この考え方が子供を不幸にする 「私はどうなってもいいから この子だけは」

自分はどうなってもいいから

 シングルマザーの方の相談にのった際に、3名ほど同じようなパターンがありました。子供のことを大切に思っていらっしゃるのですが、「自分が犠牲になっても、自分は不幸になってもいいから子供には幸せになってほしい」とおっしゃいます。しかし、残念ながらこの考え方こそがお子さんを不幸にします。

 シングルマザーでなくても、お子さんや、パートナーなど近くにいる人を不幸にしてしまう考え方がありますので、気をつけてください。
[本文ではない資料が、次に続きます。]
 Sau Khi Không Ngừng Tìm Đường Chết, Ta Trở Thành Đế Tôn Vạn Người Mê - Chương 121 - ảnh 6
 一見するとものすごくいいお母さんに思えます。そして話を聞いていくと、ご自身がものすごく不幸だったことを話してくれます。ほとんどの場合で、DVを受けて離婚をした。養育費ももらえていないという話になります。厳しい環境ではあるのですが、この不幸は自分から引き寄せているんだということがわかります。

見えてきたの共通点

 このような方にはいくつかの特徴があります。

・「自分はダメだ」「こんな自分は不幸になってもいい」と口癖のように言う。

・環境のせい、周りのせいにする

・悪口を言う

 自己肯定感が低いのですが、一方で自分が不幸であること、自分が恵まれない環境であることをアピールして注目を集めたいという潜在意識があります。おかしなことのように聞こえますが、自分が不幸でなくなってしまい、注目を集められなくなることを恐れています。

 「自分はどうなっても この子だけは」という言葉は、子供の幸せを願っているように見えますが、実は「自分がどうなってもいい」と自分が犠牲になるということを目的としてしまっています。だから、わざわざよく口に出して「自分はどうなってもいい」と言うのです。このような呪文を唱え続けられた子供は、何かをしてもらったとしても決して幸せを感じることができません。
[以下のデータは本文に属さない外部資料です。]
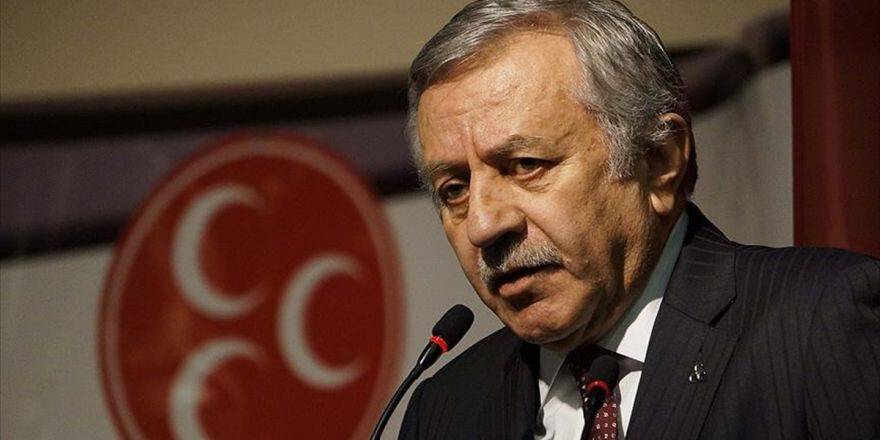 'Mhp Kirli Saldırılara Muhatap Kalıyor'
 経済的に大変な状況であれば、子供たちには「一緒に我慢しよう」、高校生にもなれば家計を助けるために働いてもらえばいいのです。このように育てられれば、子供たちはいち早く自立することができますし、きちんと愛情も感じることができます。

幸せは伝染する

 本当に子供に幸せになってほしいと思うなら、自分自身が幸せになることです。ハーバード医科大学のニコラス・クリスタキス 氏とカリフォルニア州立大学サンディエゴ校のジェームス・ファウラー 氏の研究によると幸せは伝染するという結果となりました。特に同居人の幸せの変化は大きく影響します。